#### Source material:
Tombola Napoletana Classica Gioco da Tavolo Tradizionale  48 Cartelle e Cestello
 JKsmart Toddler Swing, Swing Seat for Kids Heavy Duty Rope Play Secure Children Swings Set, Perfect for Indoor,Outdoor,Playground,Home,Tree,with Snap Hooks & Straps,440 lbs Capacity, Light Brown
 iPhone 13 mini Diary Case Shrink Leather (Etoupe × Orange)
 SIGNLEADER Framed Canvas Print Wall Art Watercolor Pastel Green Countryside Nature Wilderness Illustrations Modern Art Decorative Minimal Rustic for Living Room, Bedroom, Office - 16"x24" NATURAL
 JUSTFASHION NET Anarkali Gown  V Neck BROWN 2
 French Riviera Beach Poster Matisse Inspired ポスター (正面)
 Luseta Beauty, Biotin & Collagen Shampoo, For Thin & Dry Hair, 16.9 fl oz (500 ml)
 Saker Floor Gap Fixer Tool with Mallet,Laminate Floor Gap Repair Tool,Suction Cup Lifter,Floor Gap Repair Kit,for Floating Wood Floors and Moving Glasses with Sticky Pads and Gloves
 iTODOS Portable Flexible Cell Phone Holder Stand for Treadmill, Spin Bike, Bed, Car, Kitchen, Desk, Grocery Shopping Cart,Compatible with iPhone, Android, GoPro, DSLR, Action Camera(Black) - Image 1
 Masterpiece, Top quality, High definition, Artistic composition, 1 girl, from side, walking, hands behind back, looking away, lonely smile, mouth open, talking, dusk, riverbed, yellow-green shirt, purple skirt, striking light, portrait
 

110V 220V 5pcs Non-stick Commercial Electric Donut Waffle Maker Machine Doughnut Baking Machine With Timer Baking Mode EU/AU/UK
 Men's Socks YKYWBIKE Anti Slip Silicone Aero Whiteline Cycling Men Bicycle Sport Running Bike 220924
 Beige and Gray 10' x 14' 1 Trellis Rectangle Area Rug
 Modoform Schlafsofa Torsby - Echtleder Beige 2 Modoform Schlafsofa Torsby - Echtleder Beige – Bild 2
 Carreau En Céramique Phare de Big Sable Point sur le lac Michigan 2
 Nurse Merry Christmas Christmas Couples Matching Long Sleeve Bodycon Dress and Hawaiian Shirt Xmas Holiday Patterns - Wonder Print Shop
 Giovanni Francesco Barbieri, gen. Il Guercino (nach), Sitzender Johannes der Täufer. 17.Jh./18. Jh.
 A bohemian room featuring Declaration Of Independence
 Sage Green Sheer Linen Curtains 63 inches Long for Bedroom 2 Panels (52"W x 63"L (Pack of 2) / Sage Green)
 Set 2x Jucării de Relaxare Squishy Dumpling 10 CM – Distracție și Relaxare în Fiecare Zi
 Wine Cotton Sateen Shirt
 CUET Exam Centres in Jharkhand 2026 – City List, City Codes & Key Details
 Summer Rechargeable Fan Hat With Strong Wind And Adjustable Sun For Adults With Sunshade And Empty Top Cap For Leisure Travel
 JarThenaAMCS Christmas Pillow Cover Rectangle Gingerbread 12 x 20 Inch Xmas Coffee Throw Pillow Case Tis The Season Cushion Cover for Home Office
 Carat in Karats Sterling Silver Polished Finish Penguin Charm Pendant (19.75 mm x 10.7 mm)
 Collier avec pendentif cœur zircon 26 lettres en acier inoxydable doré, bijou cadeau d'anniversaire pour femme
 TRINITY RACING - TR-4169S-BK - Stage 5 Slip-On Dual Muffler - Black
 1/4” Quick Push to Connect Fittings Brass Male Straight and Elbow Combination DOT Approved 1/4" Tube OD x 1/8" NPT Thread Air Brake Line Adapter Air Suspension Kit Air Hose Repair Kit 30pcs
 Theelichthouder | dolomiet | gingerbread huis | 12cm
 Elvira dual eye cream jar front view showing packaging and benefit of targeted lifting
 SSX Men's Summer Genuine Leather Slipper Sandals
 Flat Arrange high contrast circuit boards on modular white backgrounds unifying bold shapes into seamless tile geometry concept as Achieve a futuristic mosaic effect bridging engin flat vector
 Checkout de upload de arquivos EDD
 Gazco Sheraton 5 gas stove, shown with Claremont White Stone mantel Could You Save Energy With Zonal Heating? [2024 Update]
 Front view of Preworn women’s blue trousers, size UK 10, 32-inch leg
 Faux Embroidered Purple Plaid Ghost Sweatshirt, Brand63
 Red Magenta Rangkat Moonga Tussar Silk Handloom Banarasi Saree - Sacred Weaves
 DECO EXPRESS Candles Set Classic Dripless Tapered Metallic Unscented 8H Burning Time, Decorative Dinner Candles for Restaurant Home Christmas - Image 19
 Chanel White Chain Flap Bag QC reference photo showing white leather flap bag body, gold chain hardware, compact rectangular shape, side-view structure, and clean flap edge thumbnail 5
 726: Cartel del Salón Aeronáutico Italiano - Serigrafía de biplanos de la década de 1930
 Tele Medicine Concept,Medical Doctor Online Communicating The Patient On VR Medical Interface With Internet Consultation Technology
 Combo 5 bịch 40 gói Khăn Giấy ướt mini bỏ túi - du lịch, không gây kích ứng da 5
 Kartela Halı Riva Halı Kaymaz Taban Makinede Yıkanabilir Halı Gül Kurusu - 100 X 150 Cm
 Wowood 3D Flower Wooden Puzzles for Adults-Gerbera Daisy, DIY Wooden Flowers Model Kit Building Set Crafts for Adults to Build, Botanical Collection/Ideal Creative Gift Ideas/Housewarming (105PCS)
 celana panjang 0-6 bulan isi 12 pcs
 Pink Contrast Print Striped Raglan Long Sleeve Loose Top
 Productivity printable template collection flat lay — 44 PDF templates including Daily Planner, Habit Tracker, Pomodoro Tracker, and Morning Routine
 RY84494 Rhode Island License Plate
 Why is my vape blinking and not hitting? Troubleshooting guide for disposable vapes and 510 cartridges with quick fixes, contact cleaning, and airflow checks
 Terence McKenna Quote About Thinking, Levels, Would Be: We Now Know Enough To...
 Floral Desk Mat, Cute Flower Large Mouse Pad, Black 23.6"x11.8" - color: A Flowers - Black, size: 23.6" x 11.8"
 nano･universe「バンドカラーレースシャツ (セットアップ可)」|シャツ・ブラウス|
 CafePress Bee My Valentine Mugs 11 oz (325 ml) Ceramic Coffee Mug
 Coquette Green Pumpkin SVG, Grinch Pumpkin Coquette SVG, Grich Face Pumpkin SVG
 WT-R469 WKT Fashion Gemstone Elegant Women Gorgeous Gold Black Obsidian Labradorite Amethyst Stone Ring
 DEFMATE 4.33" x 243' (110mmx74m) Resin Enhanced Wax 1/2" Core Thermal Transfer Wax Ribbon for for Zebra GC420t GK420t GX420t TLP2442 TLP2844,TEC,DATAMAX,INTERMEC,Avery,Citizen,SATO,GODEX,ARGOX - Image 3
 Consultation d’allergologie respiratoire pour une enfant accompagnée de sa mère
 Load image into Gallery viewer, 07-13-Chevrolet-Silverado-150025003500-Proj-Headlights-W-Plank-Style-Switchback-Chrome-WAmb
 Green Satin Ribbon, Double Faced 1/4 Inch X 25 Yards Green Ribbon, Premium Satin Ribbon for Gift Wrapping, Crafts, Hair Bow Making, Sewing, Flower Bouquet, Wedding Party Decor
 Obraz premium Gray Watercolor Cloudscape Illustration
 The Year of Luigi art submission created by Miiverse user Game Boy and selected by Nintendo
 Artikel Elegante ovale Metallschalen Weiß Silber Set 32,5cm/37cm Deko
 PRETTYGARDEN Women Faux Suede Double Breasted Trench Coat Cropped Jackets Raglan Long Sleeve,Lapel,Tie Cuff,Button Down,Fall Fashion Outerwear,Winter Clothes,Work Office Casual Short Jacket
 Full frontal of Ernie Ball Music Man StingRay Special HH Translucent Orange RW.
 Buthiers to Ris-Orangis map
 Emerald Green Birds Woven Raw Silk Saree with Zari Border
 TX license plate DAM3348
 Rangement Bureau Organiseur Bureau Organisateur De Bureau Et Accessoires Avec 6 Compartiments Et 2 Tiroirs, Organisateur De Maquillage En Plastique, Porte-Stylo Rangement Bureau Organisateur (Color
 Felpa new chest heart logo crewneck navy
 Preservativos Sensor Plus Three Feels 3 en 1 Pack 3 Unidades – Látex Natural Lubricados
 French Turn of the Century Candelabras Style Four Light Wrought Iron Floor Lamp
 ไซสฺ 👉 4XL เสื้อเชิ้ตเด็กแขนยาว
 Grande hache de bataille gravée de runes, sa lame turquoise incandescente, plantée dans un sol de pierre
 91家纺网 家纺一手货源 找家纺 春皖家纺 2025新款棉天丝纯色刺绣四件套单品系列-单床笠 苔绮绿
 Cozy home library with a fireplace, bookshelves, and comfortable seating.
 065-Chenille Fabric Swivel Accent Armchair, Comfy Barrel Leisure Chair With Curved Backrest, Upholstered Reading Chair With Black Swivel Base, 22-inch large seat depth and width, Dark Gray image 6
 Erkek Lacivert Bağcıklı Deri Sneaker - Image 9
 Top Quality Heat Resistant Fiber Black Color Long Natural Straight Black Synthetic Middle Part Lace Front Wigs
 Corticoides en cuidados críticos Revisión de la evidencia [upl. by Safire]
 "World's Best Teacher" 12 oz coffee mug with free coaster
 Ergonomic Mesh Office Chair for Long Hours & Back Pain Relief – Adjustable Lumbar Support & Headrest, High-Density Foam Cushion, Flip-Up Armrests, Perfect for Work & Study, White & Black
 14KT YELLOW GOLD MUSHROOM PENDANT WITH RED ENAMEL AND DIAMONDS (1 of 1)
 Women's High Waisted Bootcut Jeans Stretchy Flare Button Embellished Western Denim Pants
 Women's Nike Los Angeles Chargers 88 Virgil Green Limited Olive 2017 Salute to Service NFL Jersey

#### Task statement:
Only the lines from the first line of the records through the line containing "JKsmart Toddler Swing, Swing" should be repeated, exactly as they appear.

#### Written reply:
Tombola Napoletana Classica Gioco da Tavolo Tradizionale  48 Cartelle e Cestello
 JKsmart Toddler Swing, Swing Seat for Kids Heavy Duty Rope Play Secure Children Swings Set, Perfect for Indoor,Outdoor,Playground,Home,Tree,with Snap Hooks & Straps,440 lbs Capacity, Light Brown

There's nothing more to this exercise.